I smiled to myself and thought how many times I’d been shopping only to
find blue my only choice. And blue is not one of my favorites.
Two days later I was in a meeting with a prospective client.
One of the senior marketers in the room asked a very thoughtful question.
“If
those of us making the decisions here are a bunch of people in management and
not necessarily reflective of the people making purchases, should we ask those
shoppers to do the design for us?”
The answer was, “No.”
Sure, those shoppers know what they like. But so much of that is
influenced by what they’ve seen. Importantly they cannot anticipate or
appreciate a company’s vision for the future, for innovation or for newness.

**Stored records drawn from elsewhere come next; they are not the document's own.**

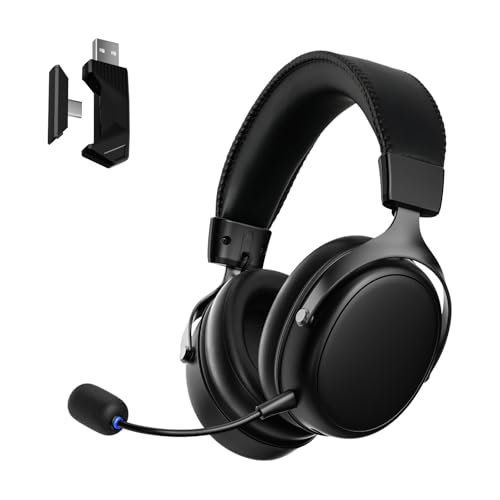 Akko Verge S9 Ultra Lightweight Wireless Gaming Headset, Quad Mode 2.4G, BT, Wired Connectivity Headset with Noise Cancelling Mic, Compatible with PS PC Phone, Design for Comfort Black - color: Black
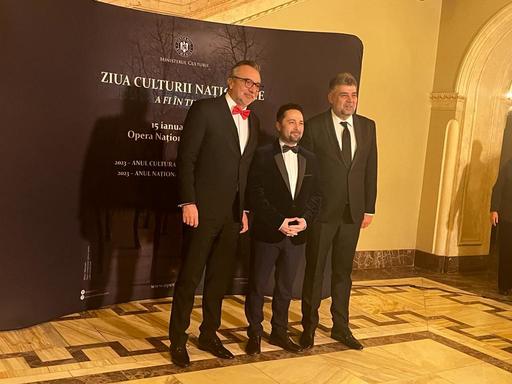 Premierul Nicolae Ciucă şi liderul PSD Marcel Ciolacu, la spectacolul dedicat Zilei Culturii Naţionale, de la Opera Naţională Bucureşti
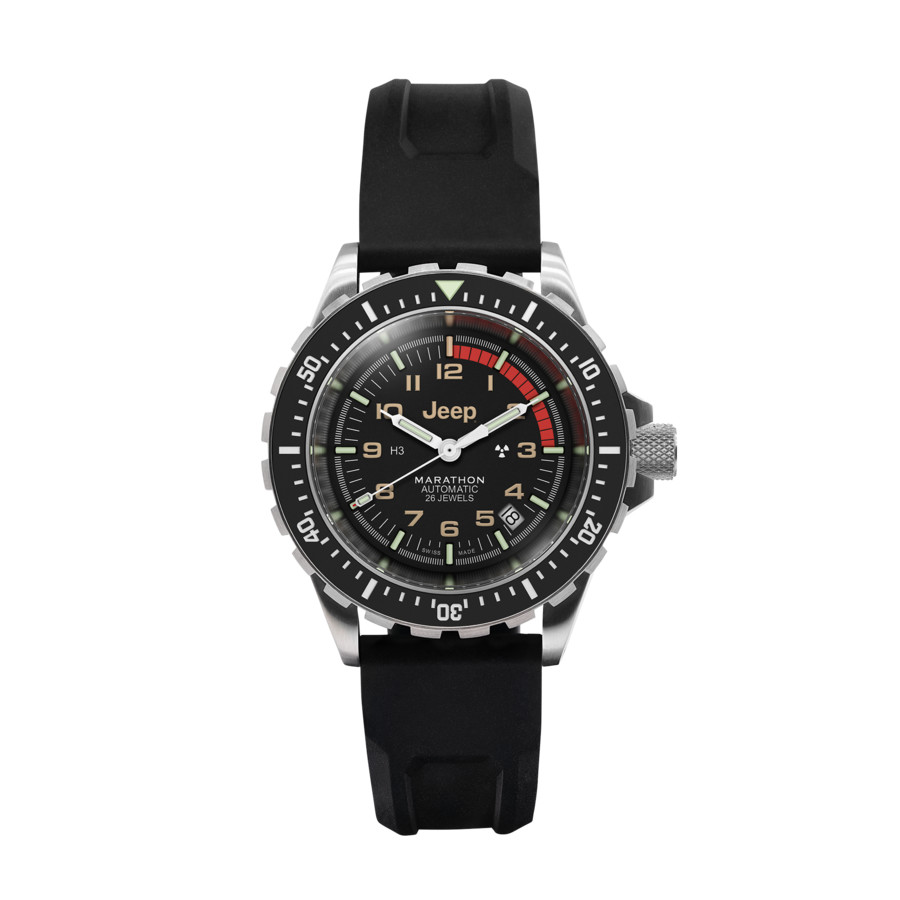 Marathon Jeep Rubicon Gsar 3Pc Black Rubber Strap Automatic Black Dial Unisex Watch WW194006SS-4130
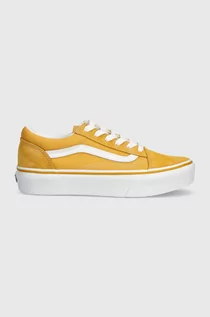 Buty dla dziewczynek - Vans tenisówki dziecięce Old Skool Platform kolor żółty - grafika 1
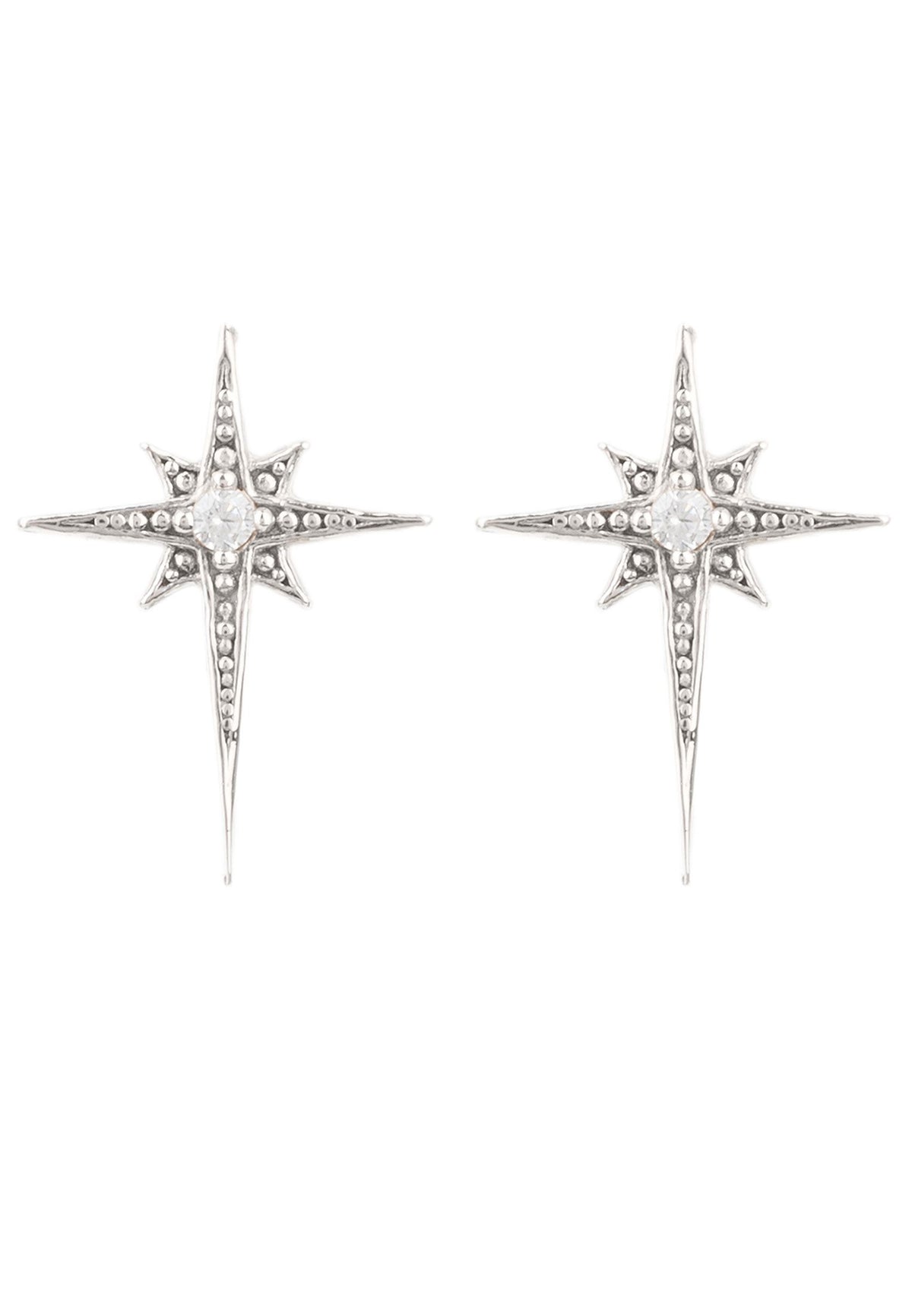 Mini Star Burst Small Stud Earrings Silver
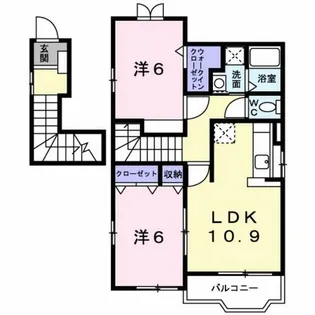 シャン・ド・フルールかも川【2階】の間取り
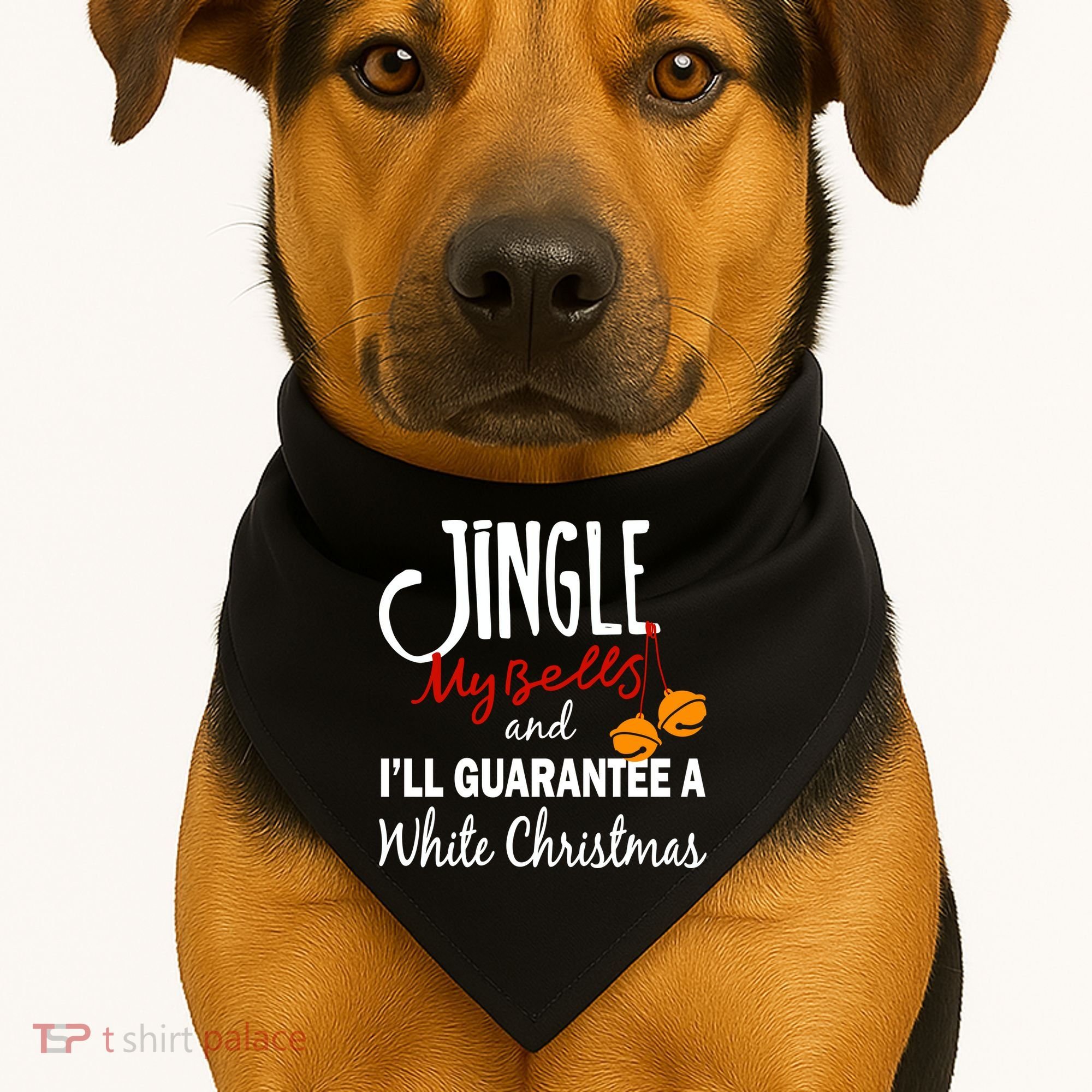 Jingle My Bells For White Christmas USA-Made Doggie Bandana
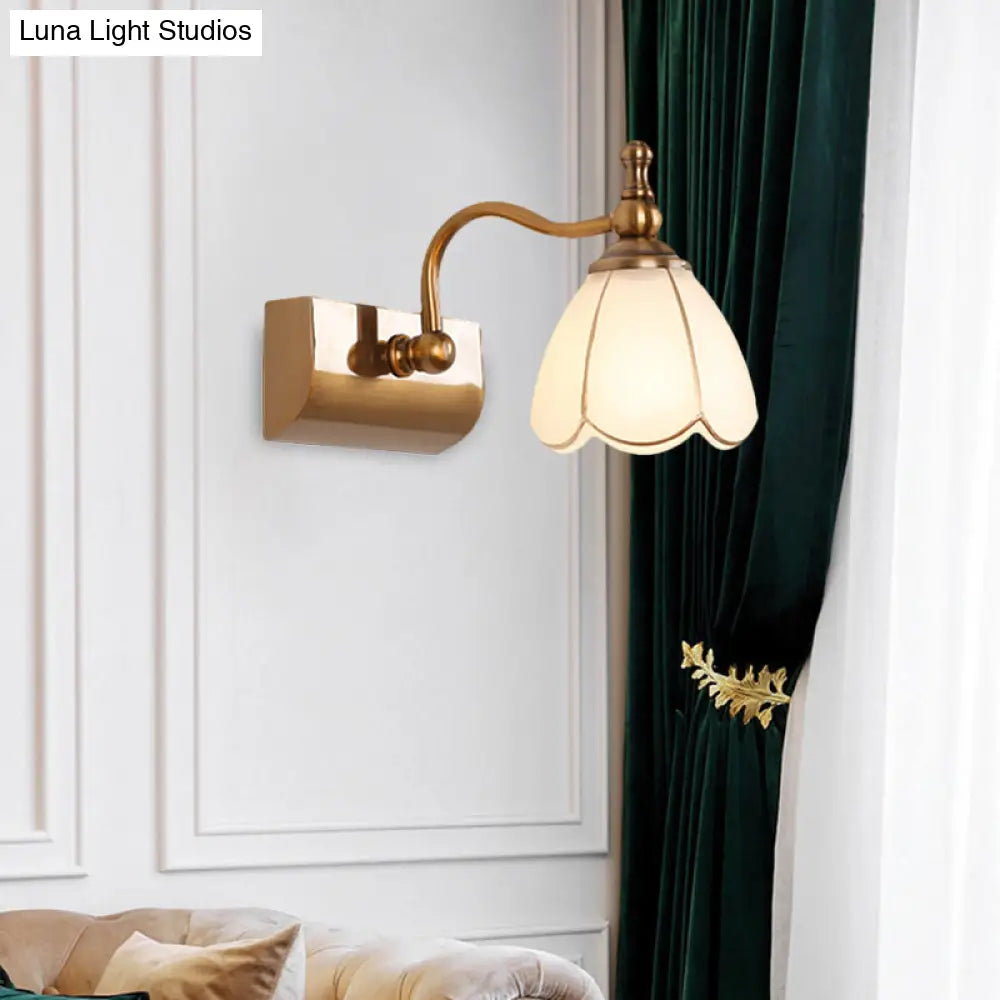 Rustic Wall Mounted Vanity Lamp: White Glass Brass Scalloped 1/2-Light With Curved Arm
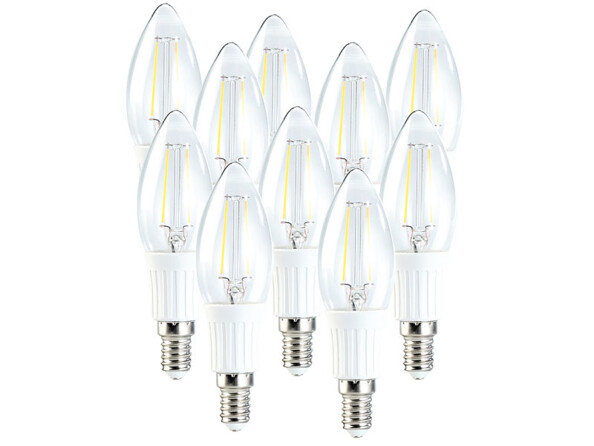 10 ampoules LED SMD Blanc Chaud, style bougie à filament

Couple that with the fact that in general people are creatures of habit. This
means that we will typically gravitate to the known, the comfortable. This
isn’t necessarily bad. However, it doesn’t provide the opportunity to stretch
and find new expression.
And so the cycle perpetuates. We like blue. It’s
comfortable. And thus our
choices remain blue. Unfortunately this is the danger of having all of us be
the designer. In the end, it doesn’t allow much opportunity to express a unique
point of view in the final execution.
Perhaps that’s why we see so much blue out there.